Mann likes to use his documentaries as exercises in his own education. “When I started this film, I knew nothing about comics,” he candidly told the writer Keith R.A. DeCandido in 1989, “and when I finished … I probably knew even less.” Fortunately, Mann was smart enough to get some guidance from a stable of topnotch experts, including Spiegelman, the experimental poet bpNichol (who had dabbled in cartooning throughout his career), the cartoonist and publisher Dennis Kitchen (a stalwart of the underground comics scene) and Mark Askwith (then the manager of landmark Toronto comic book store The Silver Snail).

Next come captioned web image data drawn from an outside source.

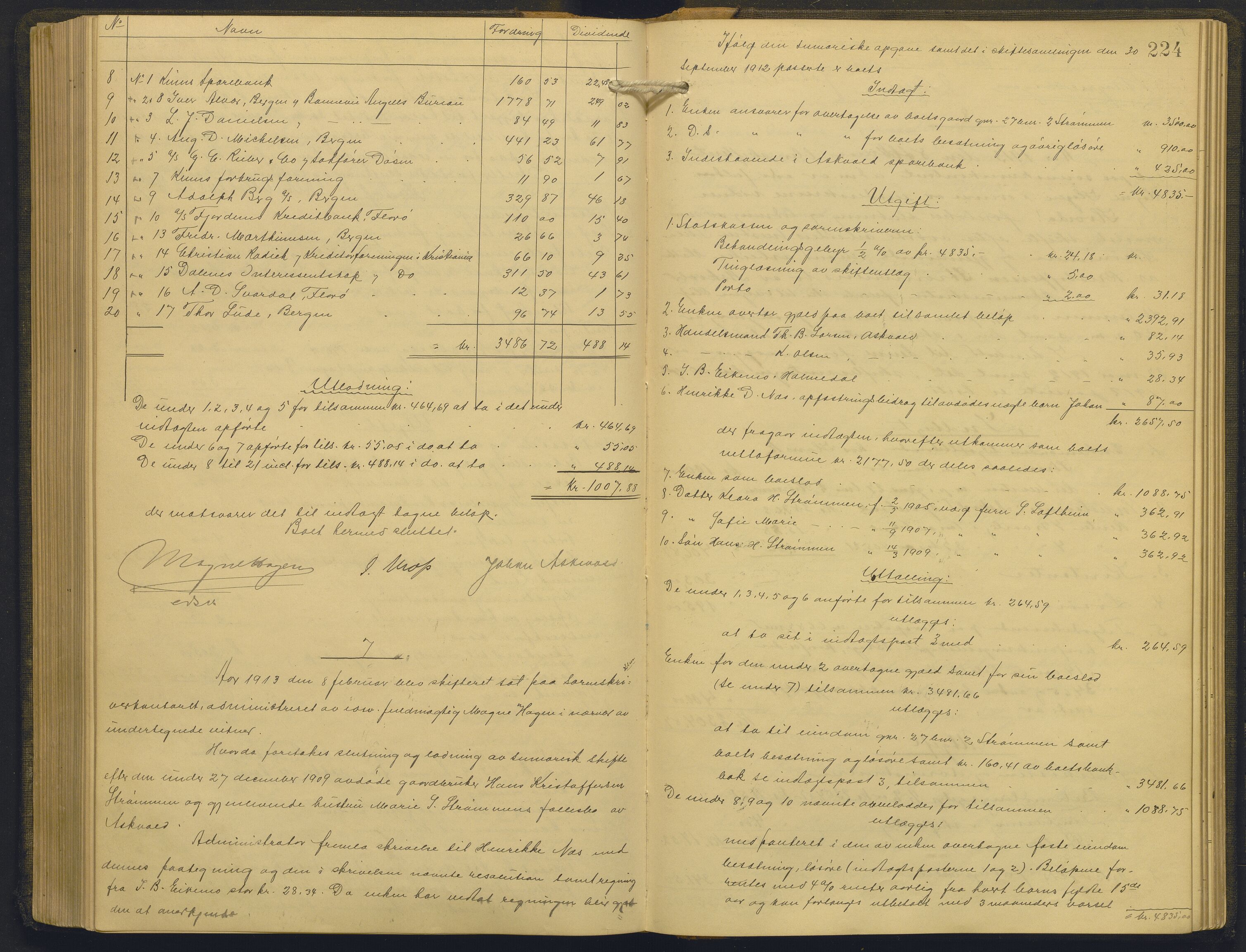 Sunnfjord tingrett, AV/SAB-A-3201/1/H/Hd/L0010: Skifteutlodningsprotokoll, 1907-1914, p. 223b-224a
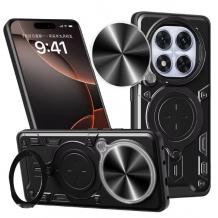 Удароустойчив гръб TPU кейс Slide Camera Case Magnetic Finger Ring Car Holder за Xiaomi Redmi Note 14 Pro Plus - черен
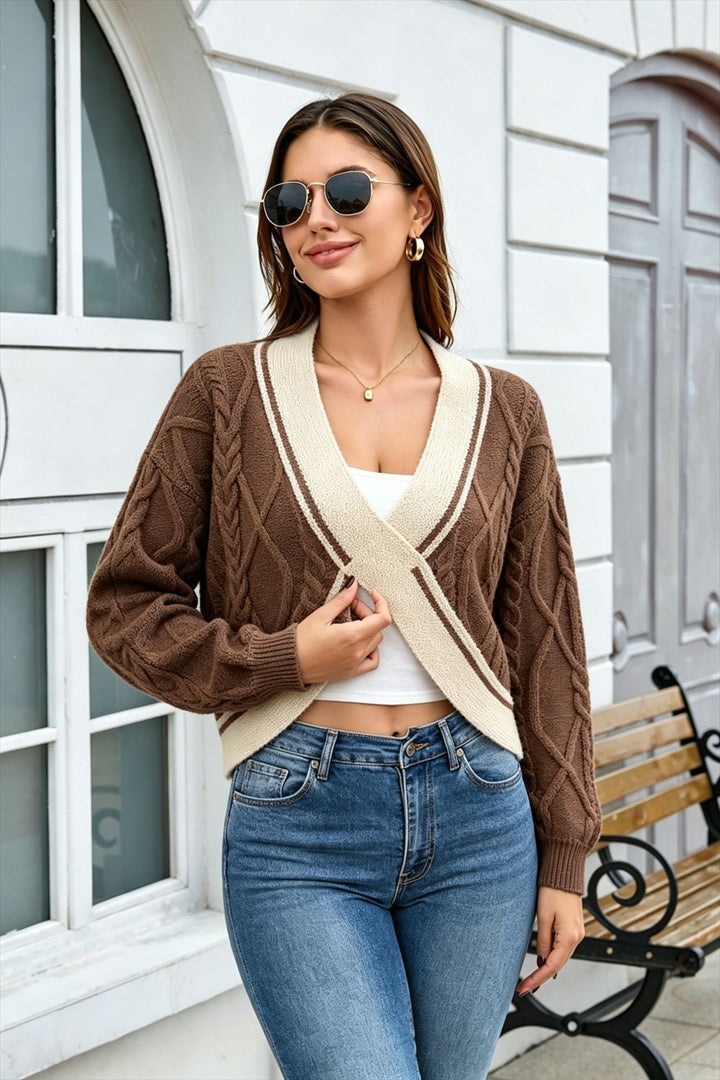 Cable Knit Contrast Trim Sweater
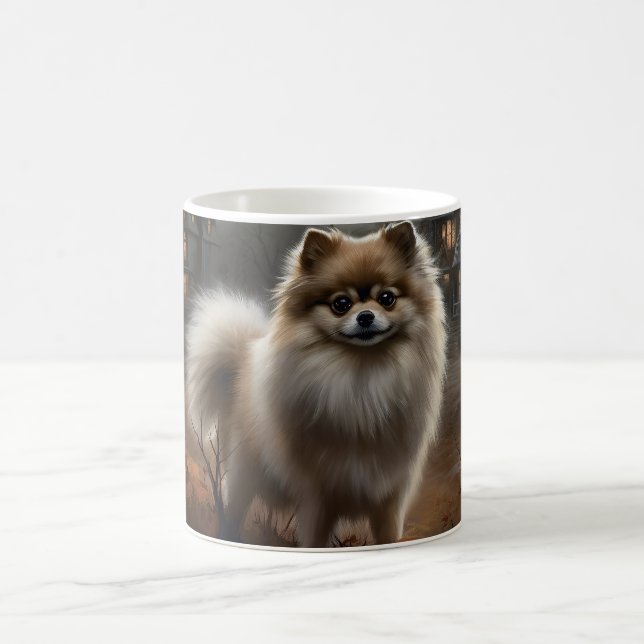 Pomeranian Halloween Skräckinjagande Kaffemugg (Center)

Thanks to these well-grounded advisors, Mann was able to interview the genuine elite of American cartooning; every subject interviewed has inarguably contributed substantial work that has altered the nature of comics.
The documentary was prescient not just in showcasing figures such as Jaime Hernandez and Lynda Barry, who hadn’t yet achieved the lasting reputations they now enjoy, but also in realizing that the history of comics can make for rich, compelling dramatic fare. Other writers and filmmakers would continue to dig in the mine that Mann first opened up: Michael Chabon would fictionalize the history of the superhero genre in The Amazing Adventures of Kavalier & Clay (2007), David Hajdu would tell the story of the backlash to horror comics in The Ten-Cent Plague (2008), Terry Zwigoff would investigate the gnarly career of Robert Crumb in the documentary Crumb (1994), and Shari Springer Berman and Robert Pulcini would give Harvey Pekar’s life feature film treatment in American Splendor (2003). All of these works can be seen as sequels to Comic Book Confidential.
Despite its influence, though, it’s very much a young man’s movie. Mann was still shy of his 30th birthday when he worked on it, and many of the cartoonists highlighted were nearly as young—and sometimes younger; Hernandez and Barry both seem to still have baby fat in their segments. In a 2001 interview, Mann noted that in his documentaries he tried to “preserve that amateur quality that I started with—because if you start to become too professional, it’s dead.”
This “amateur quality” might explain some of the rough edges around the documentary, which annoyed some of the comic book insiders who were featured in the film. In a 1989 interview with the British academic Roger Sabin, Spiegelman complained about the “Rumanian Third World animation” in the film, which he thought was a poor substitute for the experience of reading comics. That same year, Fantagraphics publisher Gary Groth wrote a scathing review in The Comics Journal, describing the film as well-intentioned but “undermined by a cinematic technique that’s pure kitsch.”
These criticisms might have been valid when Comic Book Confidential was first released but, strangely enough, the patina of time has given the movie a new and more appealing lustre. Now that we know the mid-1980s were a turning point in the history of comics, the film stands as a window into a magical period. We can get a glimpse of Spiegelman and his wife Françoise Mouly working on RAW, the magazine that would spearhead the move towards adult comics. We can witness the fresh-faced Jaime Hernandez get lost in the world of Maggie and Hopey that would consume his creative energy for the decades of Love and Rockets to come. We can hear the equally youthful Lynda Barry finding her irrepressible comedic voice. To watch Comic Book Confidential in its 25th anniversary year is to recharge the passions that attracted us to comics in our youth in the first place.